I see where you are coming from but YAML anchors are definitely a great and powerful feature that deserves more attention. The other day I was refactoring a broken [1] k8s deployment based on a 3rd-party Helm chart and since I didn't have the time to migrate to a better chart, YAML anchors permitted me to easily reduce YAML duplication, with everything else (Helm, Kustomize, Flux, Kubernetes) completely unaware of anything. Just a standard YAML pattern.

[1] the broken part was due to an ex-coworker that cheated his way out of GitOps and left basically "fake code" committed, and modified by hand (with Lens) the deployment to make it work


Is - not effectively an opening delimiter?

If we want to avoid quoting in particular, then we could use - for strings and anything else for non-strings. But the heuristics suck.


> Almost all of this is solved by basically putting quotes around strings.

Yeah, that was my first thought as well. I personally don't mind YAML, but I've also made a habit out of quoting strings. And, I mean, you're quoting both keys and strings in JSON, so you're still saving approx. 2 double quotes per key/value pair in YAML if that's a metric that's important to you.


As the article points out with the `on` example, you really have to quote yaml keys as well, if you want the defense to work...


The argument was that most of the mentioned problems could be solved by quoting the values. I don't have a problem with avoiding "on" as a key, and I apparently haven't used it ever, because I've never run into this particular problem in my 15+ years using YAML.

So, sure, if you want to play it super safe, quote keys as well. But I'm personally fine with the trade-off in not quoting keys.


If you compare to JSON5 instead of JSON, you still get the benefit of unquoted keys, but you also get a guarantee the keys are strings, and it's harder to forget to quote a value.


from the article:

>Many of the problems with yaml are caused by unquoted things that look like strings but behave differently. This is easy to avoid: always quote all strings.


As a total noob who had to work with yaml to write pipelines for ADO over my summer internship, I didn't seem to encounter any of these oddities, nearly everything I worked with was wrapped in quotations.


Yeah and this is enforced by default in yamllint.

It's very fair to cry "why the hell do I need a linter for my trivial config file format", and these footguns are a valid reason to avoid YAML.

But overall YAML's sketchiness is a pretty easy problem to solve and if you have a good reason to keep/choose YAML, and a context where adding a linter is viable, it's not really a big deal IMO.

And as hinted in the post, there's really no well-established universal alternative. TOML is a good default but it's only usable for pretty straightforward stuff.
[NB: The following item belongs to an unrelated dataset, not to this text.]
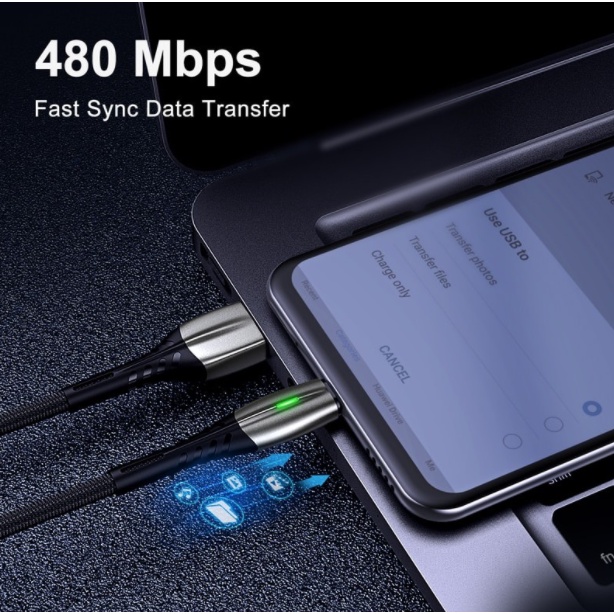 5A Kabel data Fast Charging Micro USB Type C iphone ios Cable LED Voltage And Current Display JIYANG KABEL DATA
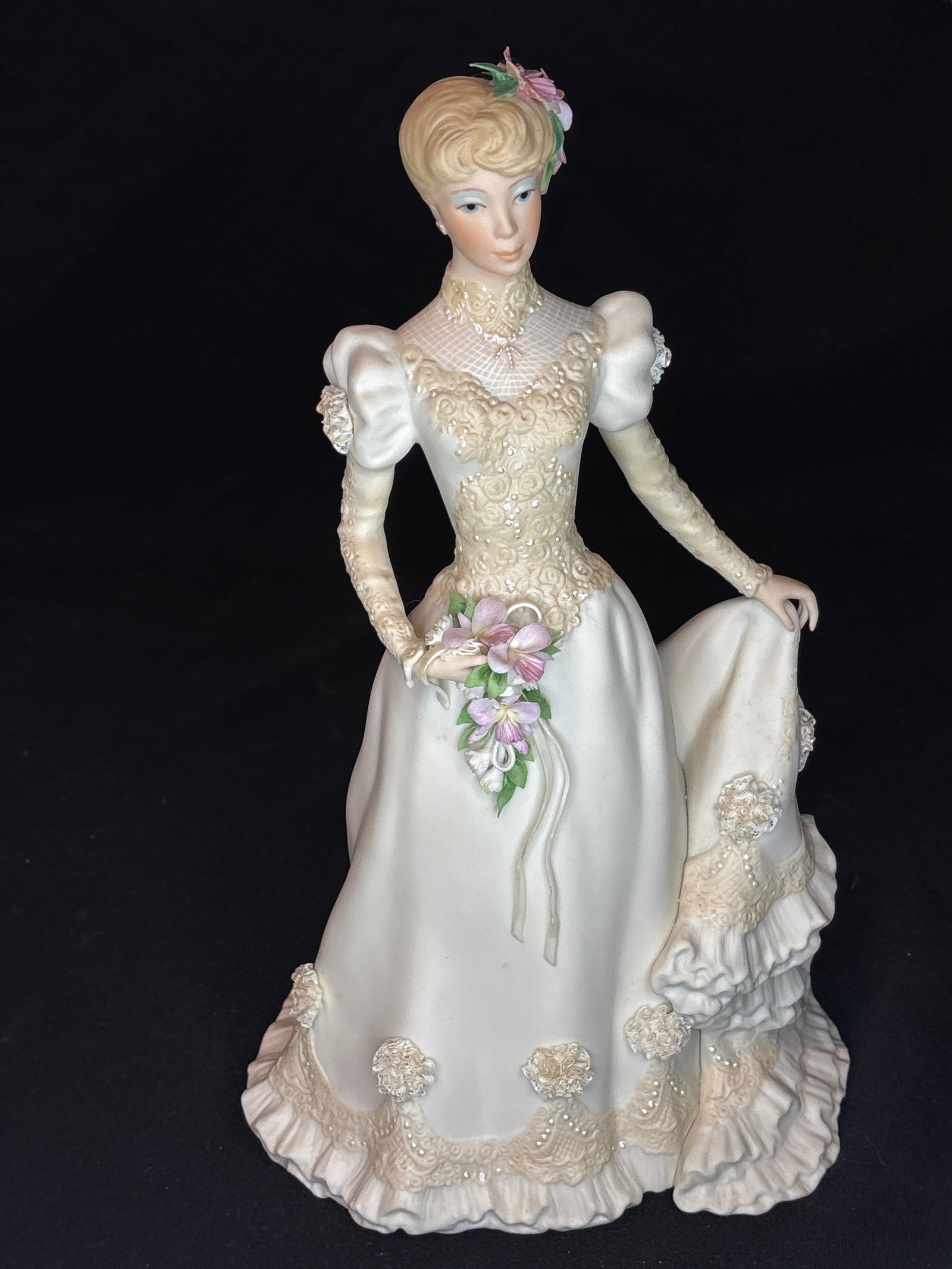 50th anniversary Commemorative Bride porcelain 12 inch statue: This fine bisque sculpture is the Cybis Commemorative Bride, a highly detailed piece designed by artist Lynn Klockner Brown: The sculpture debuted in 1987 under the title 50th Anniversary Bride to com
I'm personally a fan of the "just use Nix" approach but you can't put a Nix interpreter everywhere. And Cue is way overpowered for most usecases.

I guess the tldr is that the takeaway isn't "don't use YAML" but just "beware of YAML footguns, know the alternatives".


JSON doesn’t do them as part of the spec, but there’s nothing stopping you from doing them as post-processing. Eg OpenAPI does it by using a special $ref key where the post processor swaps in the value referenced there.

That’s effectively what jsonnet/cue/hcl do, though as a preprocessor instead of a postprocessor.


It's very counter-intuitive to me that 22:22 would need to be a quoted string, since functionally it's a K-V-pair. YAML itself even uses : in the Dict syntax!


The fact that it is effectively the dict syntax is precisely what makes it intuitive to me that it should be quoted if it’s going to be a a value. I admit the sexagesimal parsing is not the result I expected but I would have certainly expected something odd to happen given that the value includes a “:” character.


It's a key pair in whatever thing reads the YAML and then assign some meaning to that string. In YAML you need to put a space between the semi-colon and the value.


Jsonnet is pretty nice but the library support isn't quite as good. There are some nice libraries for yaml that do round trip processing for example so you can modify a yaml programmatically and keep comments. Yaml certainly has some warts (and a few things that are just frankly moronic) but it deserves some credit for hitting the sweet spot in a bunch of ways.